In June AIM members visited the Warren Wood site on the 1st, 15th and 29th.
Trench 9 was cleaned up and stakes were inserted where archaeology ended and natural geology commenced, along the trench at 1 metre intervals. Measurements were taken at each stake to confirm the exact measurement between the surface of the trench and natural geology.
These reading were combined with previous context measurements to produce two profiles of each side of the trench (see graphics below).
In late June the pottery pieces from Trench 9 were sent off to pottery expert Paul Blinkhorn for identification and analysis. His ‘discussion’ and spreadsheet follow.
Perhaps the most striking feature of this pottery assemblage is that all the sherds are small and most are abraded, included the medieval wares, suggesting that all the pottery other than the post-Roman material is residual, and even this is at least the product of secondary deposition, and may also be residual. The overall mean sherd weight for the whole group, c 4g, is very low.
These factors, coupled with the small assemblage size, makes any interpretation of the assemblage somewhat tentative, but the fact that the assemblage from the top of the bank, squares B and C, appear to be Romano-British, does suggest that the feature is of such a date, especially as pottery of that period was entirely absent from the excavated features of the inner enclosure.

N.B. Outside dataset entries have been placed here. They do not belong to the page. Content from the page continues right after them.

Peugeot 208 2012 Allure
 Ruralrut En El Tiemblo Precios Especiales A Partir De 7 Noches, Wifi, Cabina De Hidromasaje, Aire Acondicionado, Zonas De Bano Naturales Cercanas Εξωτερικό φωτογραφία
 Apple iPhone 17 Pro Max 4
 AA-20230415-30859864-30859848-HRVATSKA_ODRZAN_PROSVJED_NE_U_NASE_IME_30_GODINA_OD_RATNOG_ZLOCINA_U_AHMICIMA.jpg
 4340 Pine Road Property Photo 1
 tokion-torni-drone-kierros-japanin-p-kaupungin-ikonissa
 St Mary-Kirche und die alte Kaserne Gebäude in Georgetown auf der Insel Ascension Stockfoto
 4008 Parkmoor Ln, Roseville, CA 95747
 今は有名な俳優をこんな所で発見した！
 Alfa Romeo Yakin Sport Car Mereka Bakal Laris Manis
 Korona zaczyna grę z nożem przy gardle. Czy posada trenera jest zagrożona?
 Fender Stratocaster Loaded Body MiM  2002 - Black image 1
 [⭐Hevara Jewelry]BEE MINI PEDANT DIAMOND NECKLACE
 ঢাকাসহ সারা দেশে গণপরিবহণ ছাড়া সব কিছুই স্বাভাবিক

Given the extremely small and abraded nature of the prehistoric material, it seems most, if not all, is residual, although as the inner enclosure is of such a date, the possibility that some of the material is reliably stratified in an ancient ground-surface cannot be discounted, especially in the case of the material from squares A2 and G. The medieval material therefore probably represents later use of the visible earth-works, although it must be repeated that this interpretation should be regarded as very tentative, and further excavation is needed to clarify the chronology of the monument.
Table 1: Pottery occurrence by number and weight (in g) of sherds per context by fabric type
The Trench was photographed (see below) and on the 15th and 29th of June and into July, Trench 9 was gradually backfilled to resemble its original condition.
Once all the data and other artefacts have been identified and analysed, a report will be written, which will uploaded to this site.